• **Exercise objective**: Leaving out the pictures, return word for word the stretch of entries below from the line holding "Hamsi avında kota dönemi! Denetimler sürüyor Hamsi" through the line holding "Two puppies sitting".

• **Data supplied**:
..........
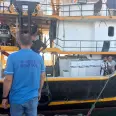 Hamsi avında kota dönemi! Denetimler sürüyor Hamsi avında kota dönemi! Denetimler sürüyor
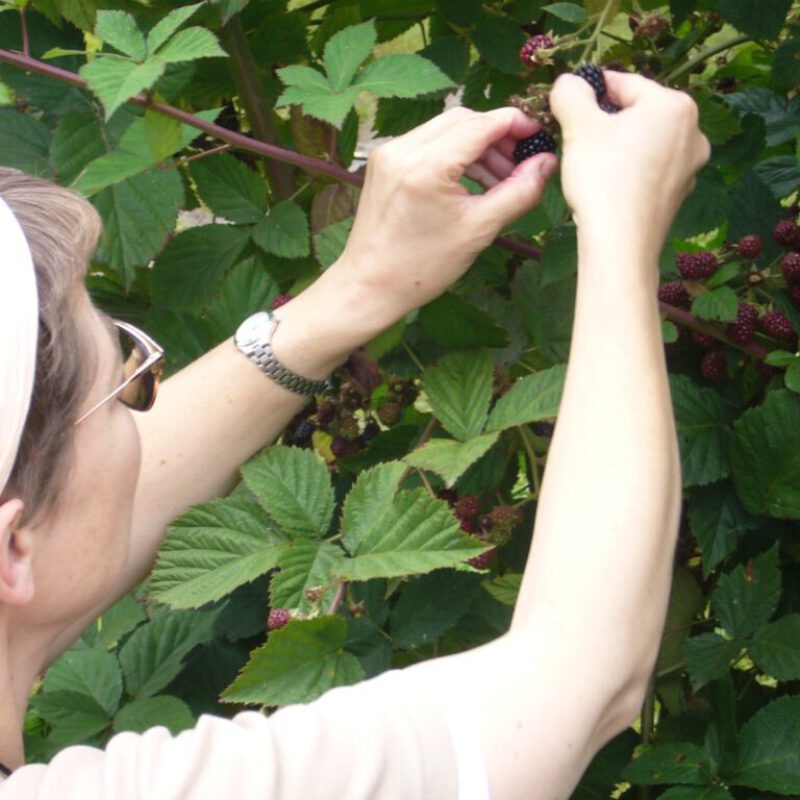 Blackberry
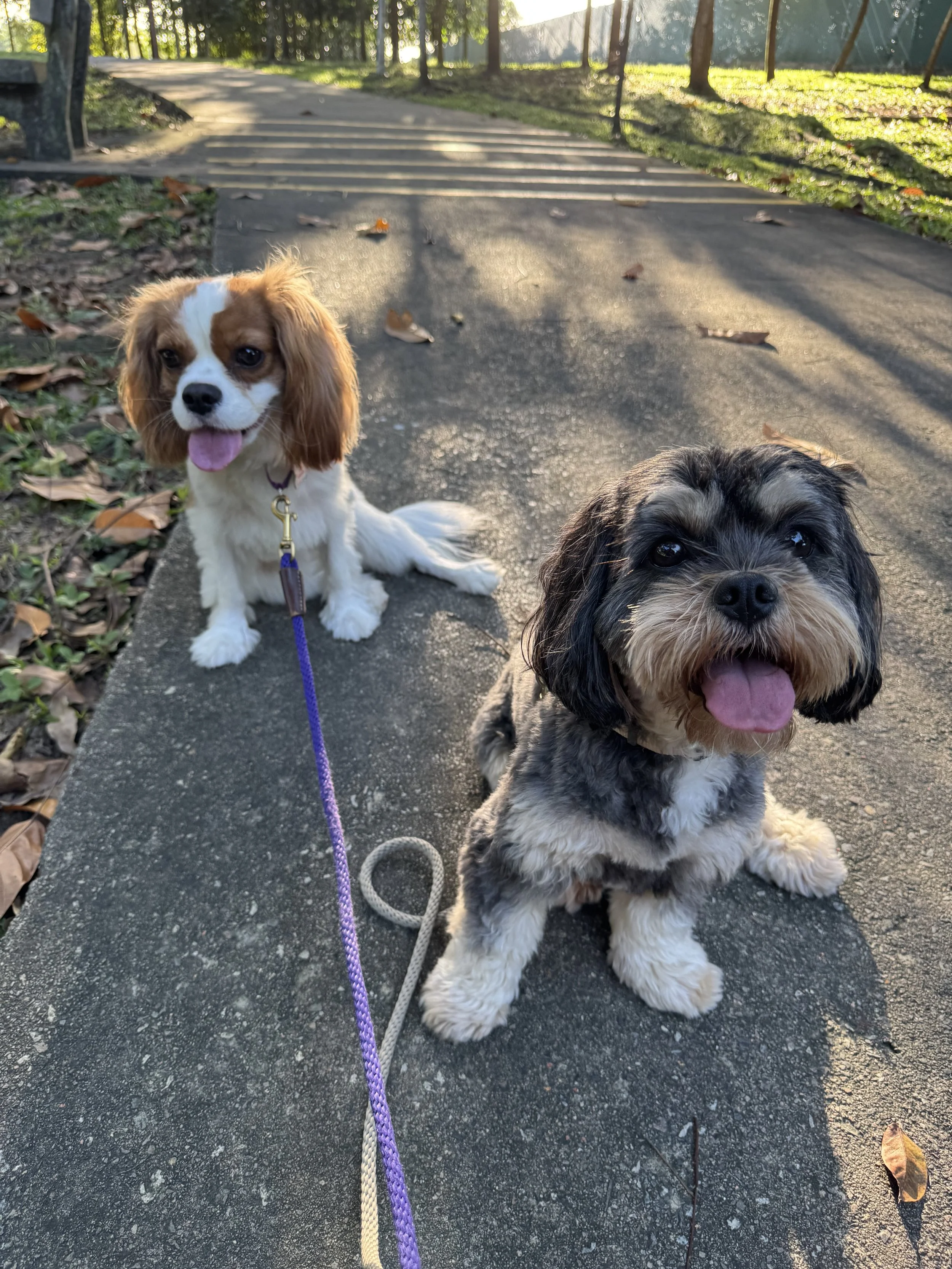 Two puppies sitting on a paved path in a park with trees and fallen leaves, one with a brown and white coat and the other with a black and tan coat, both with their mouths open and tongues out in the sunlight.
..........
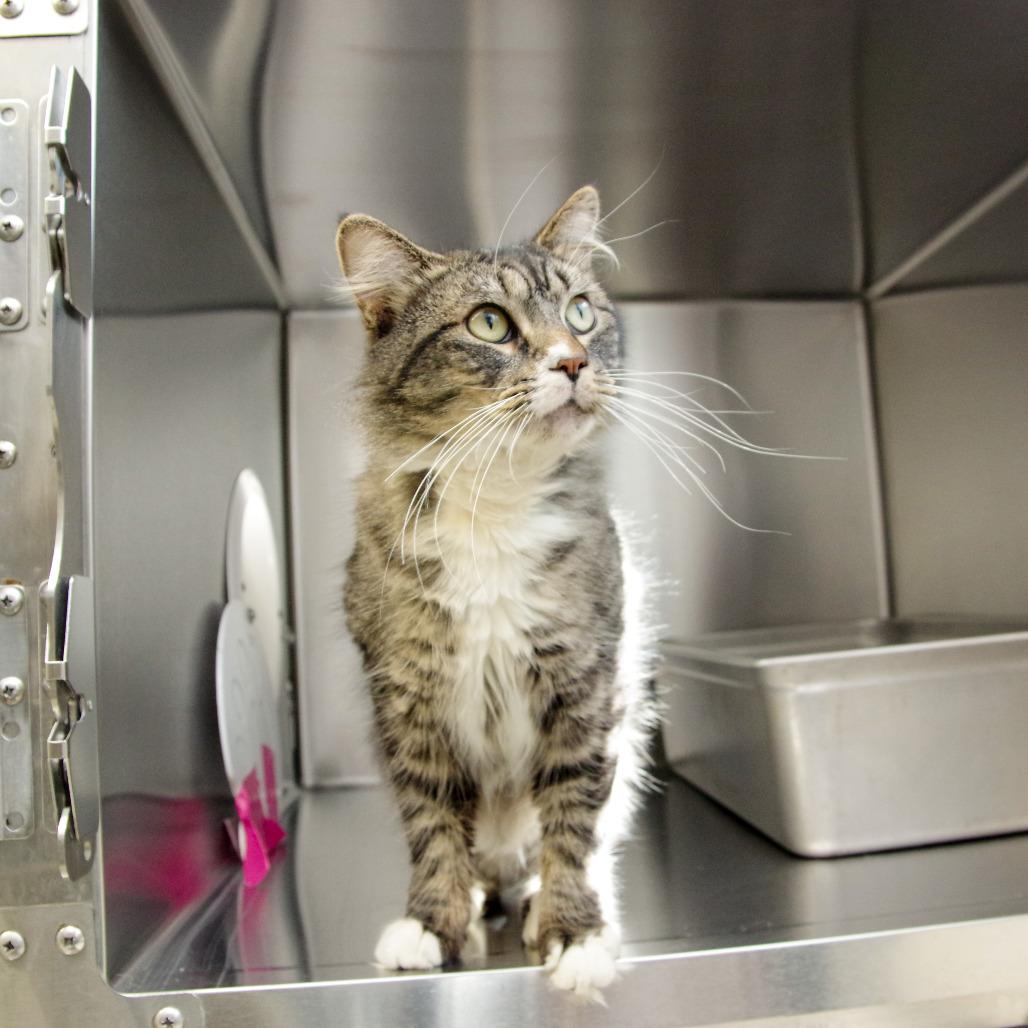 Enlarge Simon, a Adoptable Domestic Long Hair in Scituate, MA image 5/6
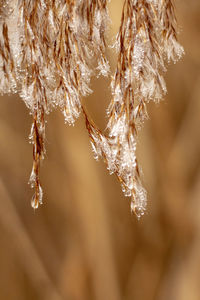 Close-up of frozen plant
..........
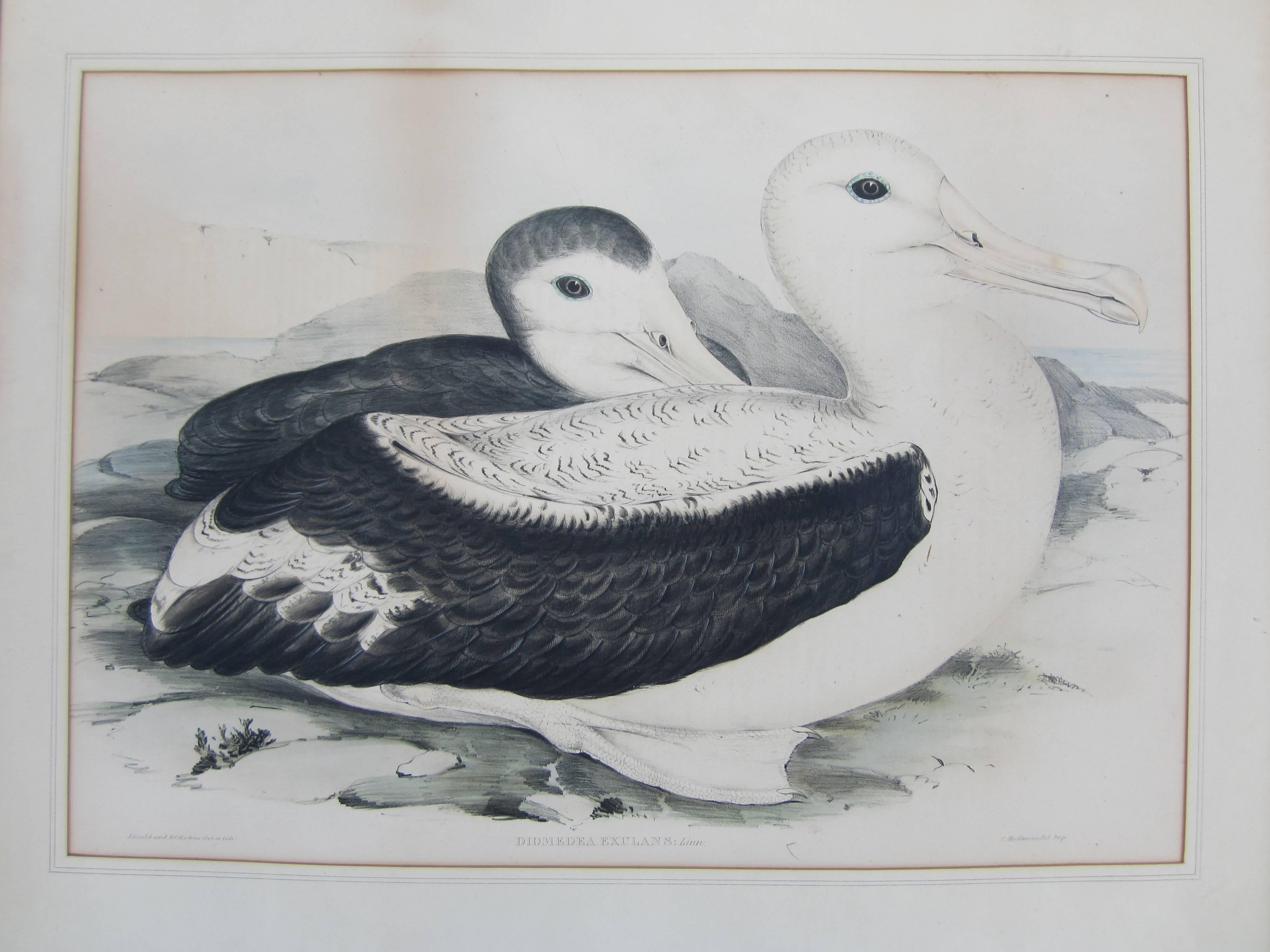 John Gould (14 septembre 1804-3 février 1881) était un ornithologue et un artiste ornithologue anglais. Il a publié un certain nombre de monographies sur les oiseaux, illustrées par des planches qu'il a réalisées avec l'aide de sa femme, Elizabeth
..........
• **Output of the exercise**:
 Hamsi avında kota dönemi! Denetimler sürüyor Hamsi avında kota dönemi! Denetimler sürüyor
 Blackberry
 Two puppies sitting on a paved path in a park with trees and fallen leaves, one with a brown and white coat and the other with a black and tan coat, both with their mouths open and tongues out in the sunlight.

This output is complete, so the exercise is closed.